A inflação no Brasil sempre foi muito desafiadora, e, não por acaso,
várias tentativas de vencê-la na fase aguda do problema fracassaram, até que
a engenhosidade do Plano Real, favorecida pela conjugação de um momento
político e econômico oportuno, livrou o país daquele pesadelo que parecia sem
fim.
Diante do que ocorreu nesse longo período, a economia brasileira, após
o lançamento do real, passou a conviver com uma relativa estabilidade
monetária. Não sem sacrifícios. O esforço para se disciplinar as finanças
públicas até hoje perdura, com os contribuintes tendo de arcar com uma carga
tributária extremamente pesada (36% do PIB). A política monetária foi
essencialmente restritiva nesses quase vinte anos, com percentuais elevados
de recolhimentos compulsórios sobre os depósitos bancários e taxas de juros
bem elevadas.
Mas, não fosse isso, dificilmente teria sido possível manter a
inflação dentro das metas previamente fixadas pelo governo. Metas que, por
sinal, miram em um ponto central (4,5%) acima da média apurada nas economias
mais maduras e até de países com crescimento mais acelerado que o Brasil. Em
face das peculiaridades do processo inflacionário no país, as autoridades
governamentais adotaram metas com razoável grau de tolerância (dois pontos
percentuais para cima ou para baixo do ponto central).

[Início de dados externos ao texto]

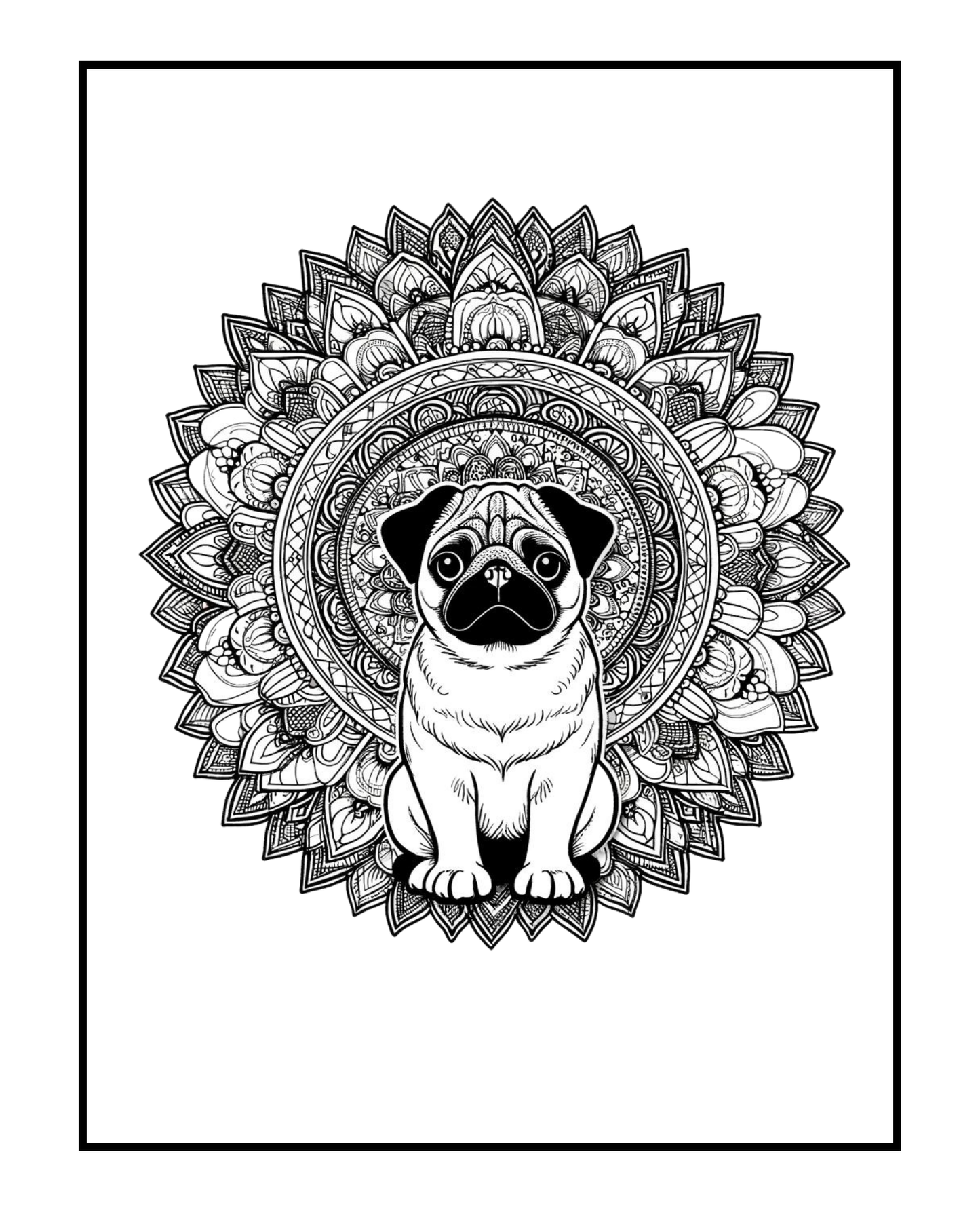 Pug - Adult Coloring Book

Com o agravamento da crise financeira nas chamadas economias mais
maduras, a política de taxas de juros muito elevadas precisou ser ajustada no
Brasil para evitar movimentos indesejáveis nos fluxos de capitais. Com isso,
as autoridades monetárias deixaram de contar com um instrumento de alto poder
de fogo contra a inflação. Assim, mesmo com um baixo crescimento, a inflação
tem se comportado de maneira preocupante, oscilando bem próximo do teto da
meta (6,5%).
Na reunião realizada este mês, o Comitê de Política Monetária (Copom)

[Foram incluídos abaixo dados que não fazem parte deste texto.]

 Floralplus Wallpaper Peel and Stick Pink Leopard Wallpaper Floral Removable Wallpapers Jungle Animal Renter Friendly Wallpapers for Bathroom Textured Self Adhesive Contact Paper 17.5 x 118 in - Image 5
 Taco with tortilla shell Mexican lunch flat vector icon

reconheceu esse risco de mudança do patamar da inflação. Não são poucos os
fatores que têm contribuído para impulsionar os preços (entre os quais a
remanescente indexação automática de tarifas e do próprio salário mínimo),
mas também se espera que outros ajudem a segurar a alta, como a boa safra de
alimentos este ano.
O Copom preferiu aguardar um pouco mais para decidir o que fazer. É
compreensível, considerando-se o momento confuso no mundo e da ainda
indefinida tendência da economia brasileira. No entanto, se a inflação
persistir no atual patamar, as autoridades monetárias terão de agir mais
duramente. Essa possibilidade ficou no ar na ata do último Copom, e, por
isso, o próximo, marcado para abril, será cercado de grande expectativa. É
importante que fique claro que o Banco Central tem autonomia para adotar
remédios fortes, se forem necessários.